Captioned web images
+ + +

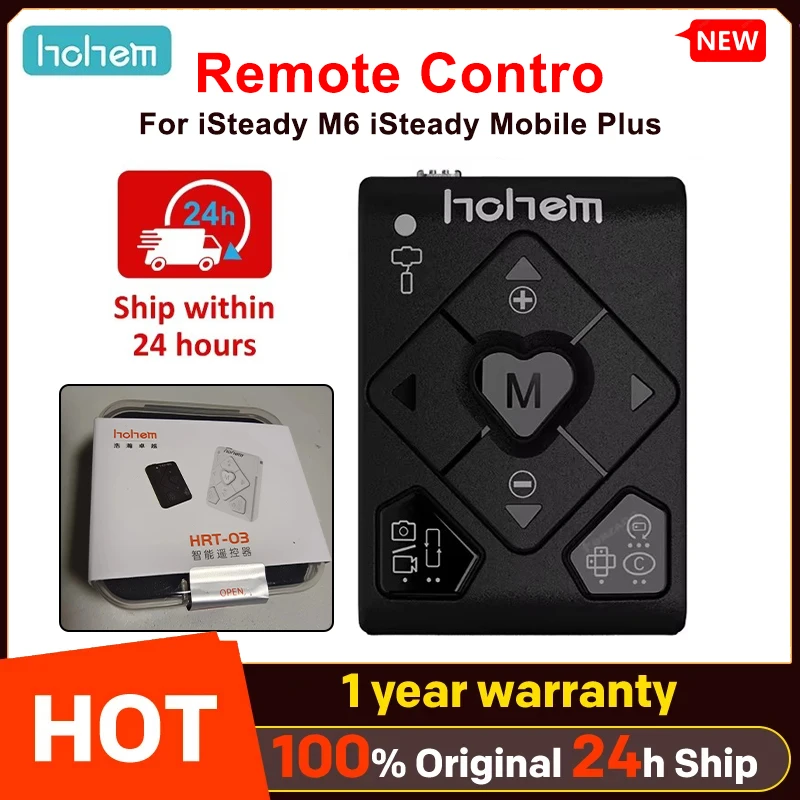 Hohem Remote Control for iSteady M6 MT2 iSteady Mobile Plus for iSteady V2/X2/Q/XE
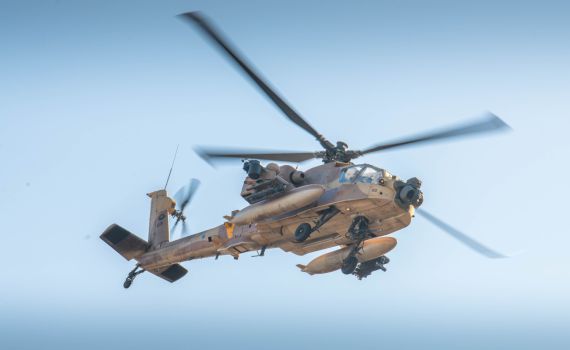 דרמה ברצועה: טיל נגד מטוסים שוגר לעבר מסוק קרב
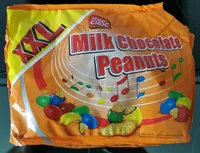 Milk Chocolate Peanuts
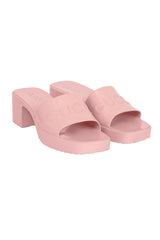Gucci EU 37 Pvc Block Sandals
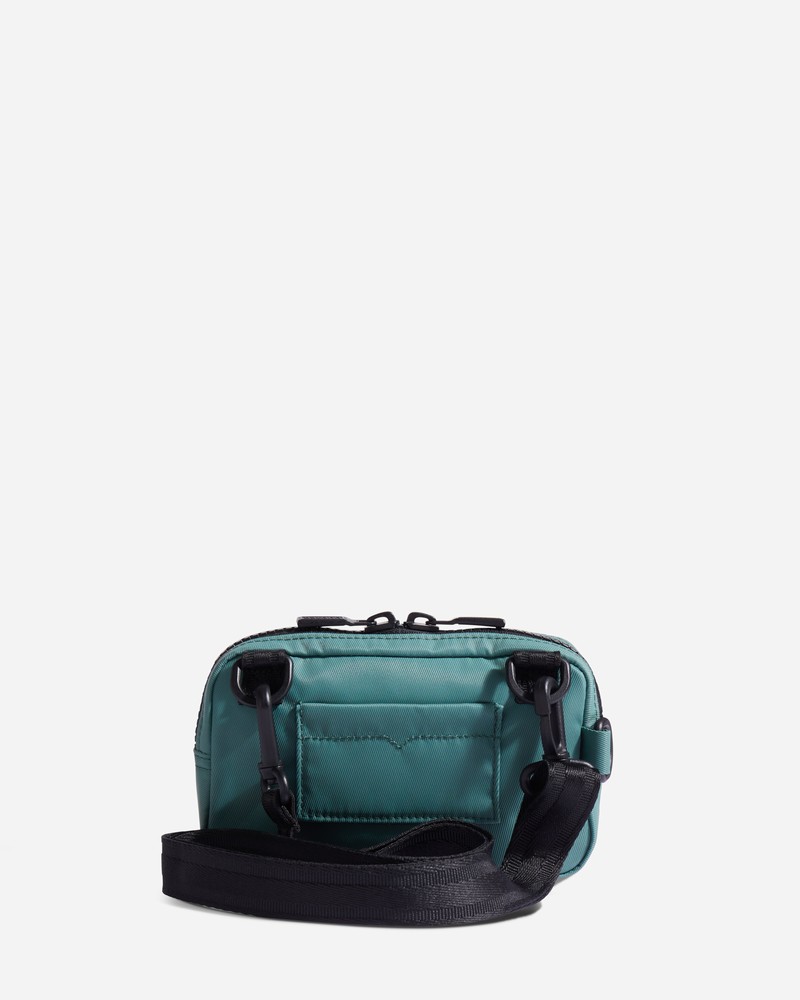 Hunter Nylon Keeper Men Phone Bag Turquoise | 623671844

+ + +

- **What you are asked to do**: What is needed is an exact copy of the records above, with no pictures in it.

- **Solution to this task**:
 Hohem Remote Control for iSteady M6 MT2 iSteady Mobile Plus for iSteady V2/X2/Q/XE
 דרמה ברצועה: טיל נגד מטוסים שוגר לעבר מסוק קרב
 Milk Chocolate Peanuts
Gucci EU 37 Pvc Block Sandals
 Hunter Nylon Keeper Men Phone Bag Turquoise | 623671844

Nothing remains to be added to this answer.